Fig. 2 is the traditional static reading circuit embodiment schematic diagram of nonvolatile memory.It is by voltage comparison amplifier, load circuit (PR0 and PR1), NMOS clamp transistor (NC0 and NC1) composition.While carrying out read operation, memory controller is selected data cell to be read (its resistance states R by word line and bit line selector switch (S0 and S1) datathe unknown is R hor one in RL) with corresponding reference unit, simultaneously by clamp transistor grid-control voltage V g_clampcontrol bit-line voltage, prevent that data cell and reference unit from damaging or causing mistake write operation because bit-line voltage is too high.Under the effect of bit-line voltage, can produce the electric current (I that flows through data cell data) with flow through the electric current (I of reference unit ref).Then (remember that its pull-up resistor value is R at load circuit load) effect under, I datawith I refbe converted into the voltage V of corresponding data cell data=I data× R loadvoltage V with reference unit ref=I ref× R load, because data cell and reference unit have different resistance values, therefore I data≠ I refthereby, V data=I data× R load≠ V ref=I ref× R load.Last V datawith V reftwo input ends that simultaneously accessed voltage comparison amplifier, compare and amplify, and export final binary data signal.More specifically, if data cell is low resistance state R l, V data=V l<V ref, output data " 0 "; If instead data cell is high-resistance state R h, V data=V h>V ref, output data " 1 ".

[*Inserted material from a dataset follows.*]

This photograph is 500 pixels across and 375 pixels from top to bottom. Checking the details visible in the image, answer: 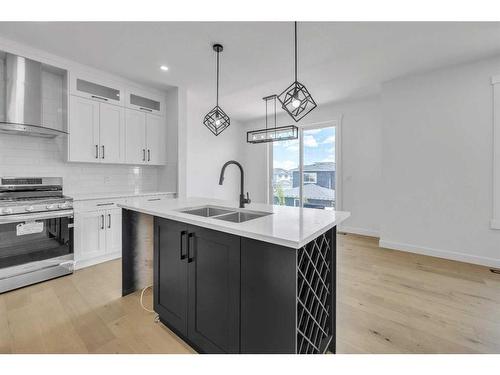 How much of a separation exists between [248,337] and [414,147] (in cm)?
368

Under deep submicron process, owing to thering is larger fabrication process parameters deviation, between storage unit and between each transistor, all there is device mismatch (for example R h, R land R refthe actual value design load that may depart from objectives, the load transistor resistance value of data cell branch road and reference unit branch road is unequal), also there is input mismatch etc. in voltage comparison amplifier, what these device parameters mismatches had a strong impact on reading circuit reads judgement allowance, when reading judgement allowance can not overcome the input mismatch of voltage comparison amplifier time, just may cause read error, affect the reliability of nonvolatile memory.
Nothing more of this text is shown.